:: Exercise instructions ::
Return the material below exactly, but only from the line with "Salvatore Ferragamo ✨" through the line with "Worm Pendant - Cosmic 09", and without its pictures.

:: Study material ::
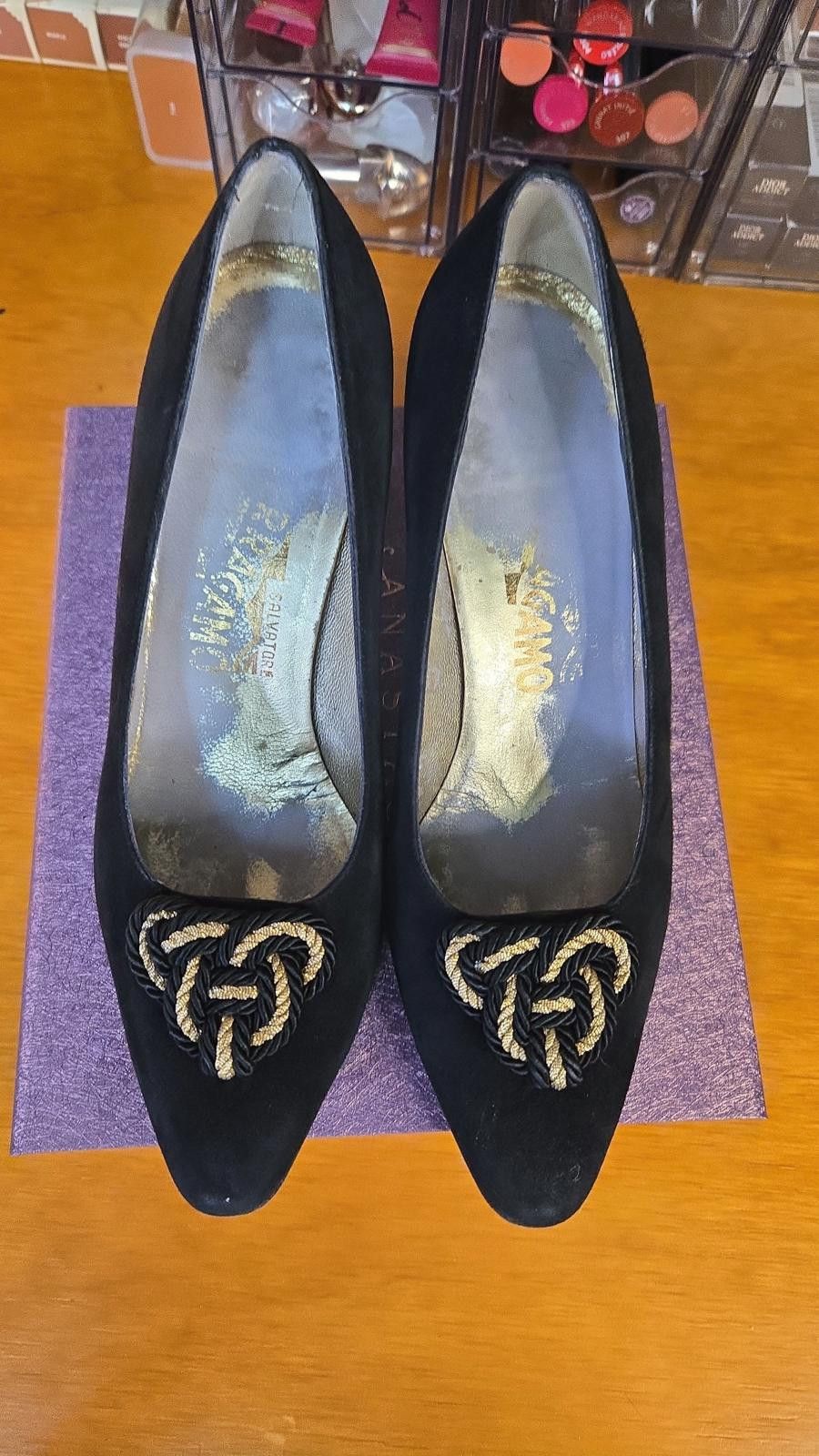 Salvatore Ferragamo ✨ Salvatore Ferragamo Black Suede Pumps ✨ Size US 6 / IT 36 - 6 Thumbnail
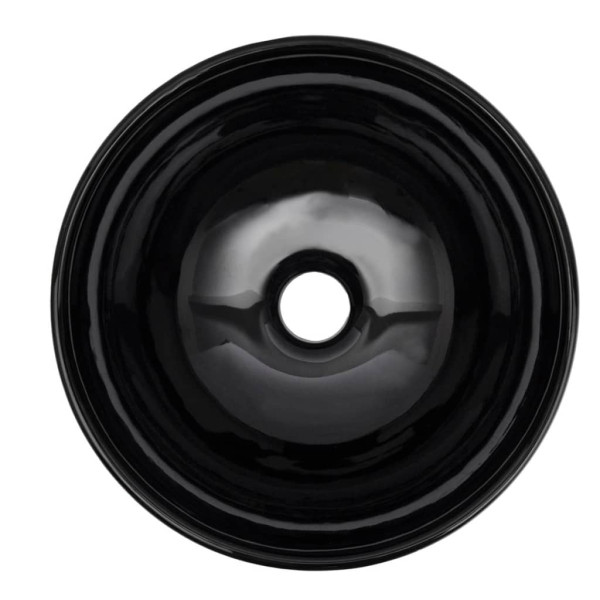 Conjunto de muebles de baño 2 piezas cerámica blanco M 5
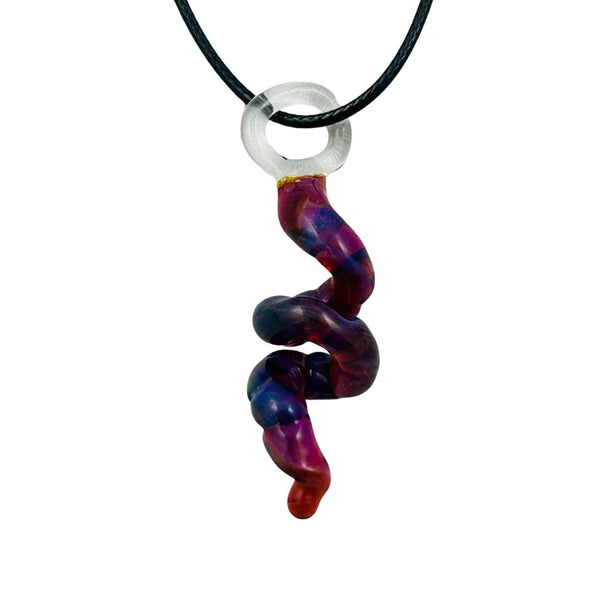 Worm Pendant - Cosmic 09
* * *
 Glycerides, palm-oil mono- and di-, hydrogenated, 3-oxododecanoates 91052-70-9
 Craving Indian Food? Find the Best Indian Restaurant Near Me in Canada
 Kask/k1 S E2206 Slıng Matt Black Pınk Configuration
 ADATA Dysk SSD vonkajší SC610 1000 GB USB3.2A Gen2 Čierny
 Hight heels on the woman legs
---
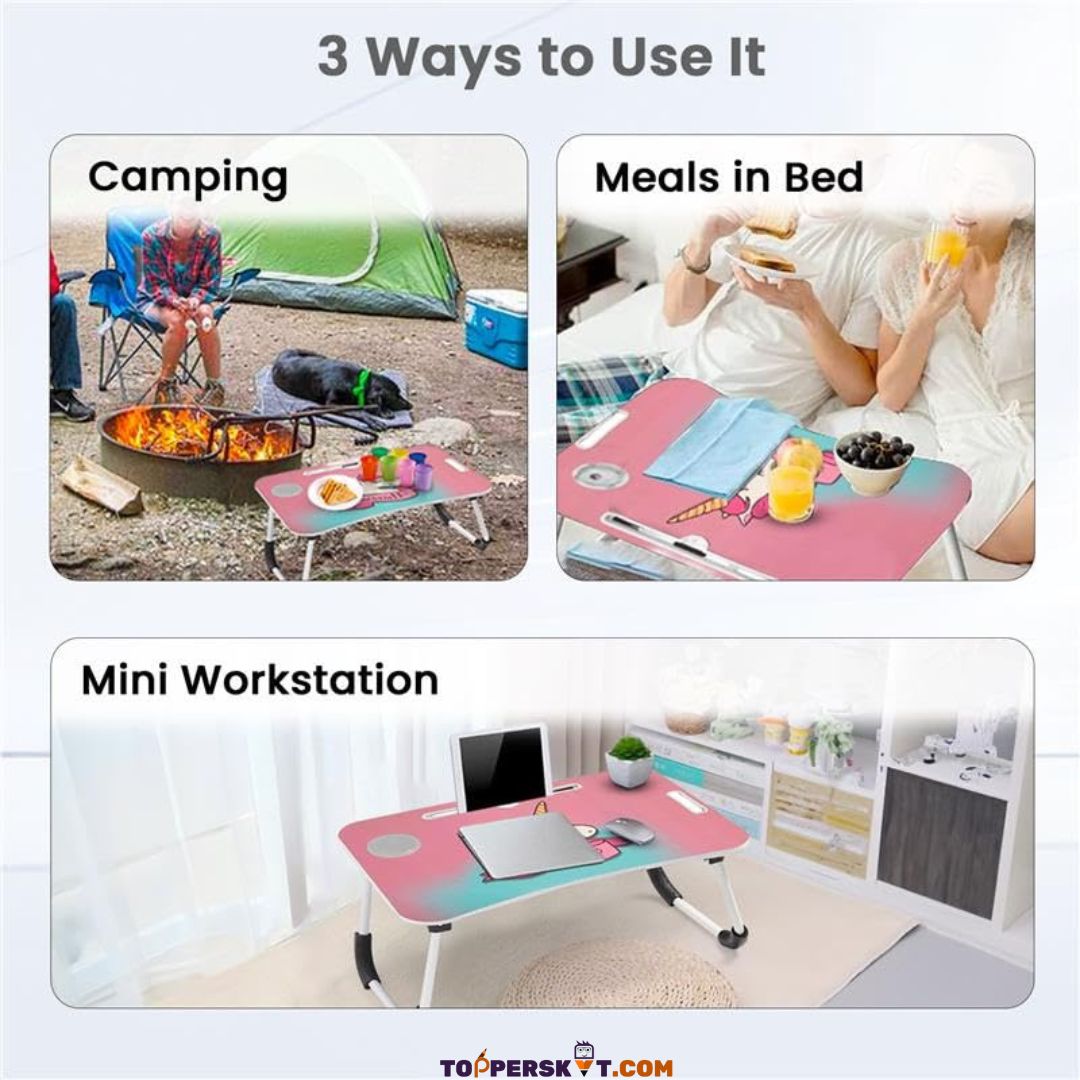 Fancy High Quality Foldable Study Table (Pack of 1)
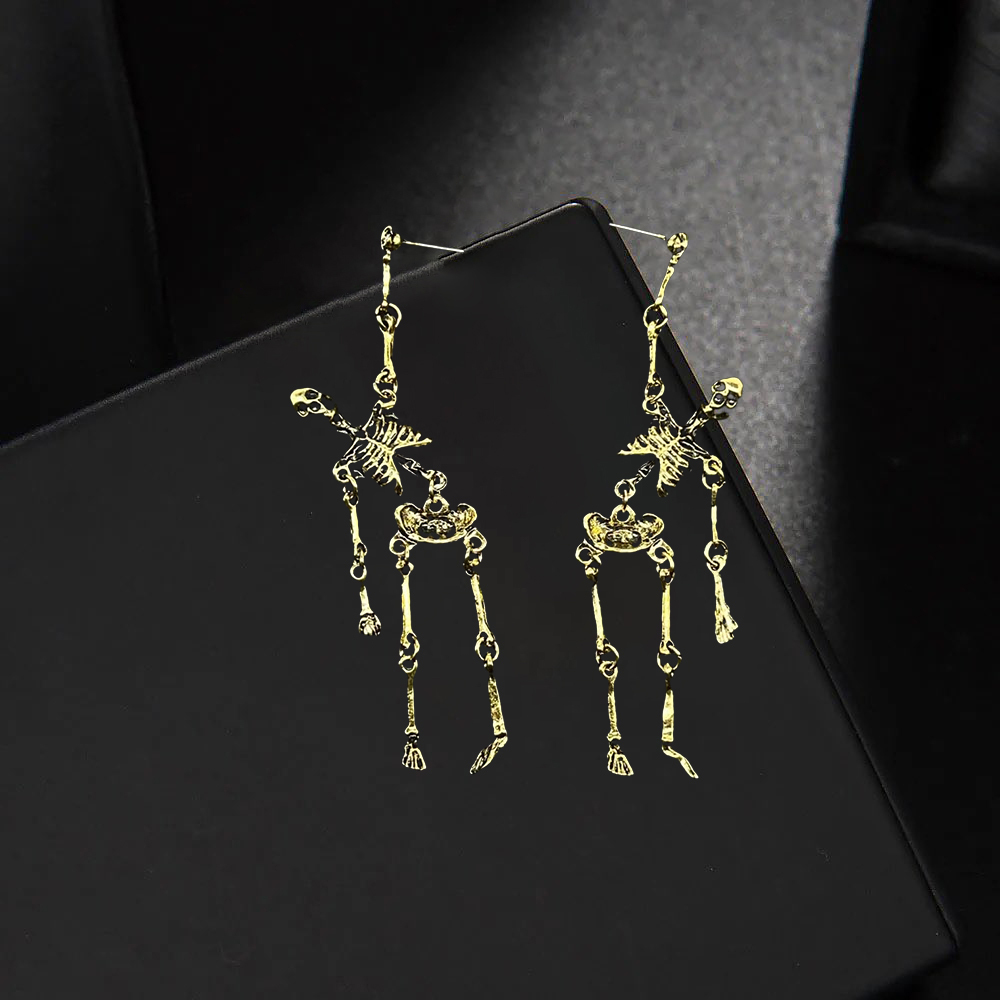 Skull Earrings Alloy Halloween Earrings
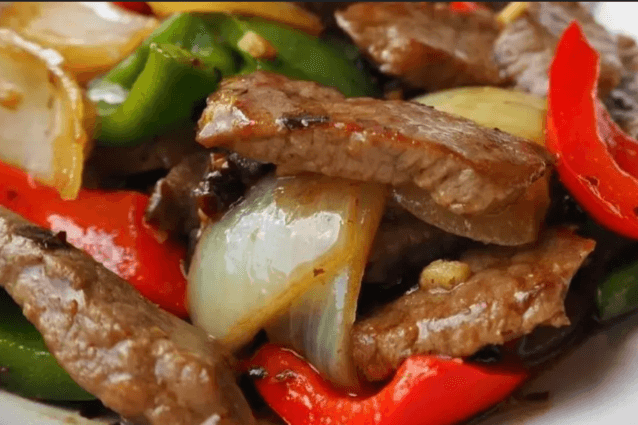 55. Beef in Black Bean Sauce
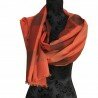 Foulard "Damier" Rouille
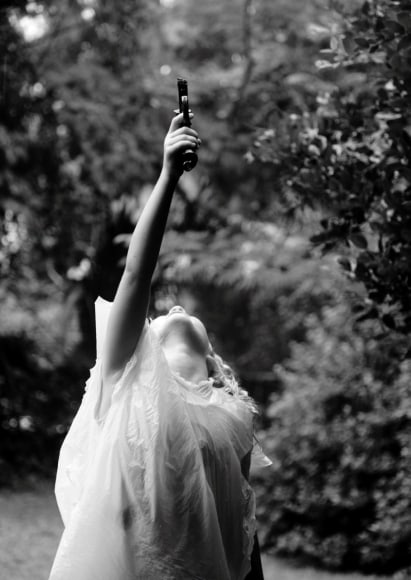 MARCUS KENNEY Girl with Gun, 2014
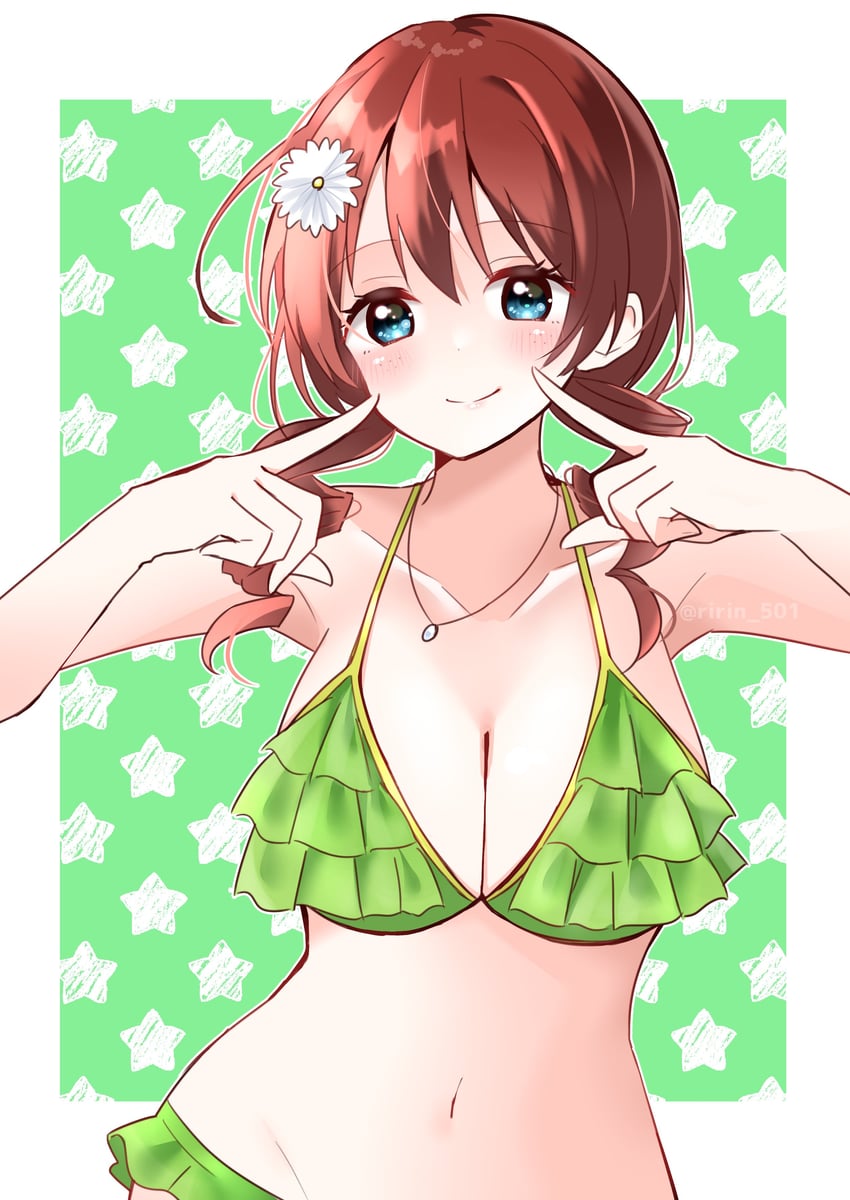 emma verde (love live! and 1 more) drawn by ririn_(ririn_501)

:: Reply ::
 Salvatore Ferragamo ✨ Salvatore Ferragamo Black Suede Pumps ✨ Size US 6 / IT 36 - 6 Thumbnail
 Conjunto de muebles de baño 2 piezas cerámica blanco M 5
 Worm Pendant - Cosmic 09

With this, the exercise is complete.